Pertanto, in analogia con quanto precisato dall’Agenzia delle entrate in relazione agli obblighi di presentazione degli elenchi Intrastat (circolare AdE 36/E/2010) la società istante ritiene che il soggetto passivo nazionale che acquista il servizio di consulenza presso il soggetto inglese (che fruisce del regime delle piccole imprese) non debba inserire l’operazione nell’esterometro in quanto la controparte non assume la qualifica di soggetto Iva.

L’Agenzia delle entrate ritiene invece che anche tali operazioni vadano incluse nella comunicazione di cui all’articolo 1, comma 3-bis, D.Lgs. 127/2015 poiché l’obbligo in questione prescinde sia dalla qualifica del soggetto non stabilito che pone in essere l’operazione, sia dal trattamento Iva dell’operazione.
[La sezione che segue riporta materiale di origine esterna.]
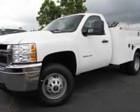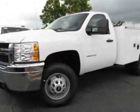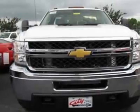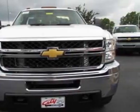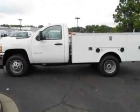Check out this new 2011 Chevrolet Silverado 3500HD. This vehicle has a full factory warranty. This Silverado 3500HD has a six-speed automatic transmission.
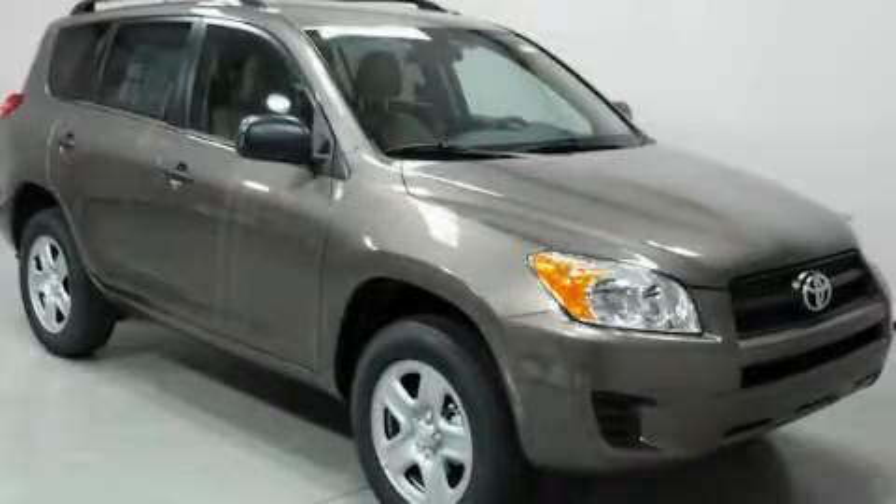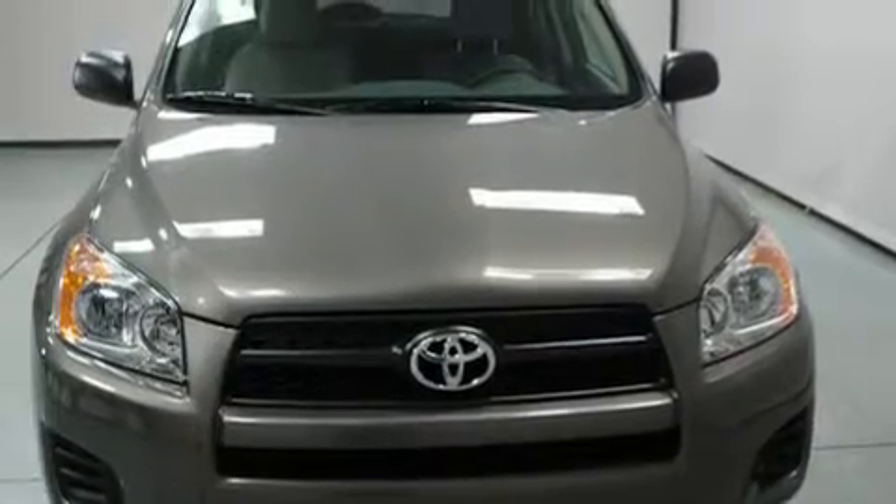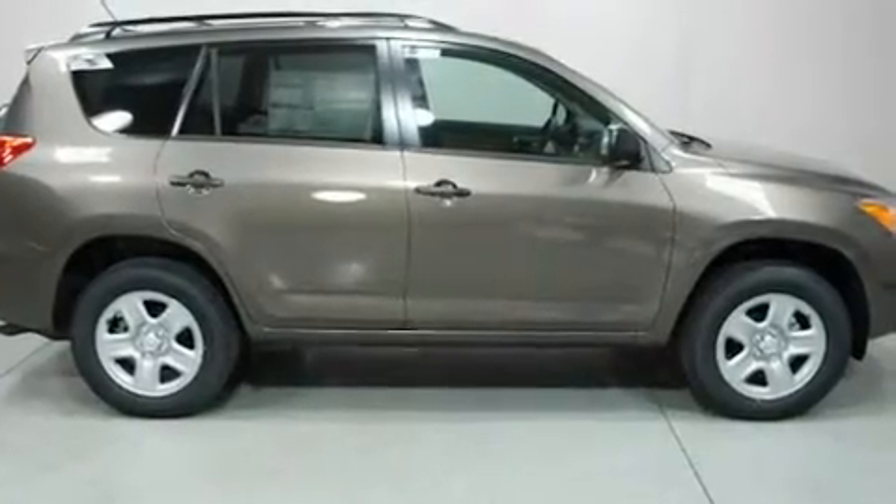This is a brand new 2011 Toyota RAV4. Plenty of space for what you need. It features a 2.5 liter 4-cylinder engine, an automatic transmission, and 4-wheel drive.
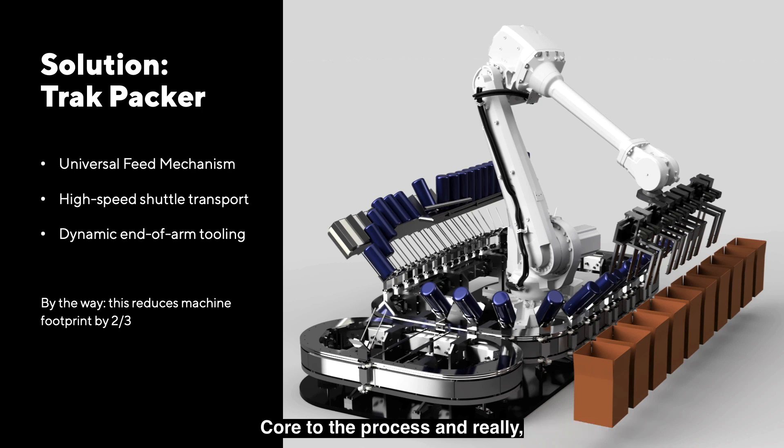Core to the process, and really the inspiration for rethinking this machine, was the concept of high-speed shuttle transport. And of course, we don't want to have to be changing out tooling — so is there a way to make the end-of-arm tooling dynamic enough? We think that there is. What ends up happening is that this also reduces the footprint of the machine by two-thirds. Where there might be a sequence of machines doing this process all in a row, we're able to compress that into a really small space, with the robot at the center of the cell and the tracks built around it.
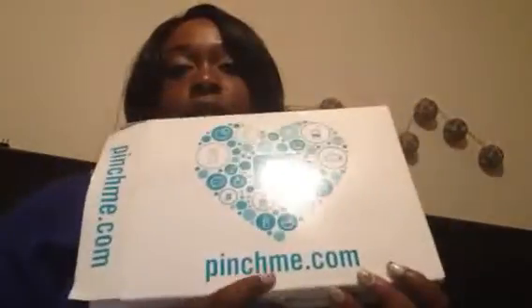Hi YouTube, this is your Jersey Girl for Life and I'm coming to you with a PinchMe.com unboxing. I've already opened it so we don't have to go through all that. For those of you that do not know, if you go to PinchMe.com every month they give out free samples — you just have to catch it on time, and if you fill out a little profile thing and you fit the profile, then they will send you those items.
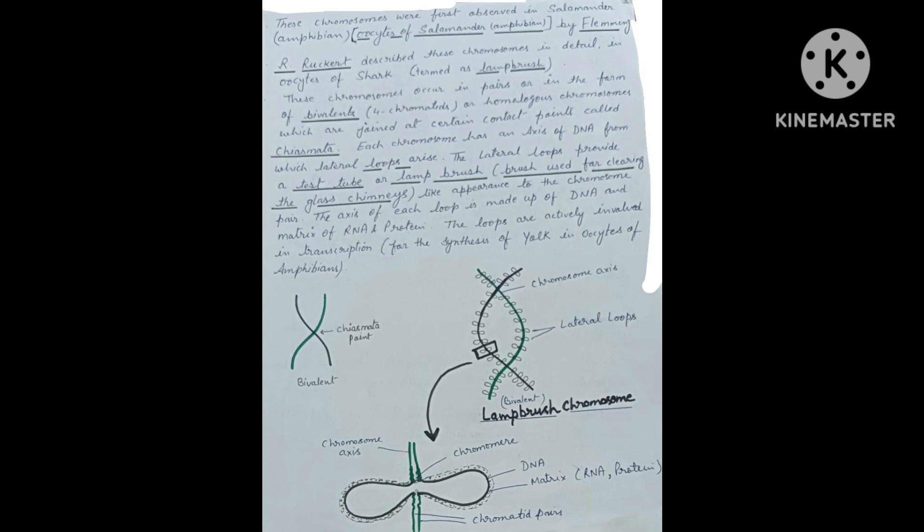The number of pairs of loops increases in meiosis till it reaches a maximum at the diplotene stage. After the diplotene stage, the number of loop pairs gradually decreases and the loops disappear at metaphase I.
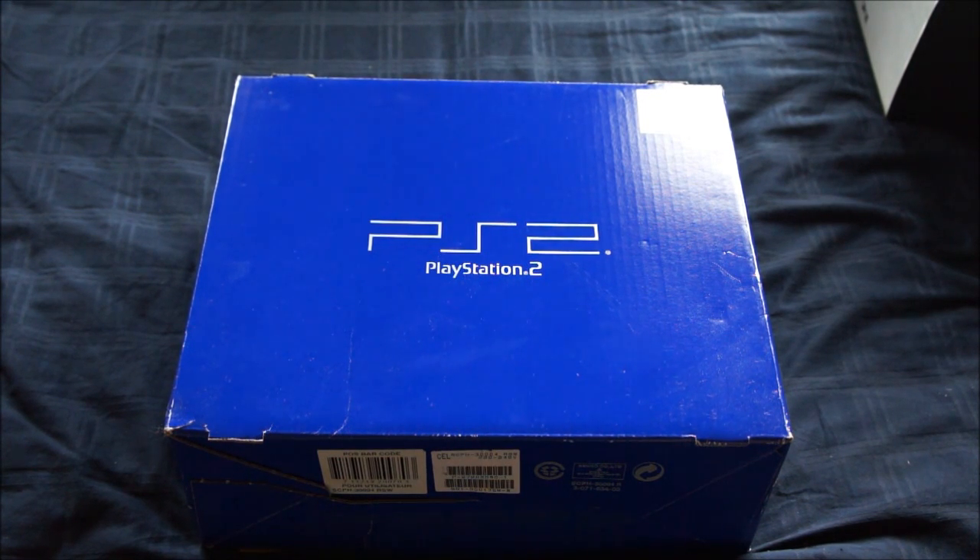Hey everyone, I'm Dr. Retro and welcome to my weekly finds. On first glance this looks like an ordinary PS2, but if you take a close look you see a sticker on the top right.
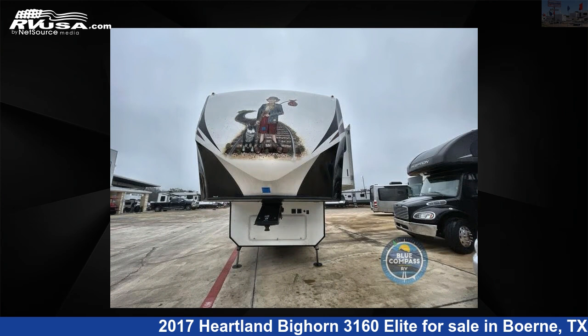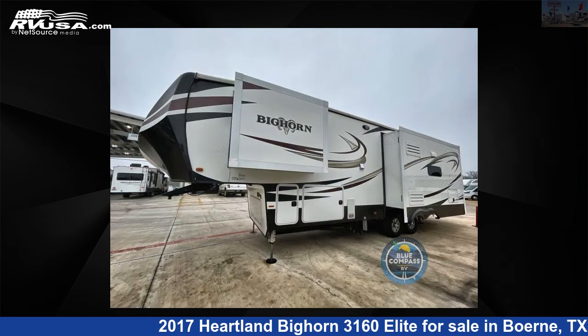This used Heartland is 35 feet 0 inches in length and features three slide-outs, sleeps four, and 65 gallons freshwater capacity.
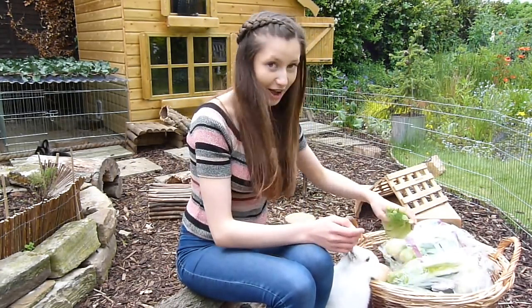Next up is asparagus. I don't have any to show you, but it does have quite a high water content and it's quite low in calories. It's something you should only give occasionally.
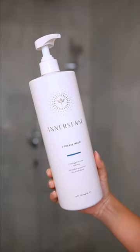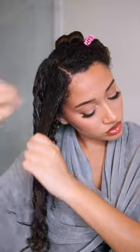I apply a curl cream first and lock everything in with a gel, just raking the products through, scrunching up to encourage the curls to pop, and finger coiling around my face to add some face framing curls that are extra defined.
Ciò che assume importanza, in buona sostanza, è che si tratti di una controparte non stabilita ai fini Iva nel territorio dello Stato, a nulla rilevando che per la specifica operazione siano richiesti particolari adempimenti da parte del committente (o acquirente) soggetto passivo ai fini Iva in Italia.

La risposta dell’Agenzia, pertanto, conferma che nell’esterometro devono essere incluse anche quelle operazioni di acquisto che non sono rilevanti territorialmente in Italia, per le quali il soggetto passivo nazionale non ha alcun obbligo di emissione di autofattura o di integrazione della fattura del fornitore (a seconda del Paese di stabilimento).

Ad esempio, l’acquisto di un servizio relativo ad un immobile situato in Germania (e ivi soggetto ad Iva), fuori campo Iva in Italia ai sensi dell’articolo 7-quater, lett. a), D.P.R. 633/1972, posto in essere da un soggetto passivo tedesco, deve essere incluso nell’esterometro nonostante per tale operazione il soggetto committente italiano non debba adempiere ad alcun obbligo ai fini Iva (è sufficiente l’annotazione del documento in contabilità generale).

L’Agenzia precisa, infine, che la risposta dovrebbe essere valida anche dopo l’eventuale uscita del Regno Unito dalla Ue, a seguito degli accordi ai fini Iva che verranno concordati con l’Unione europea.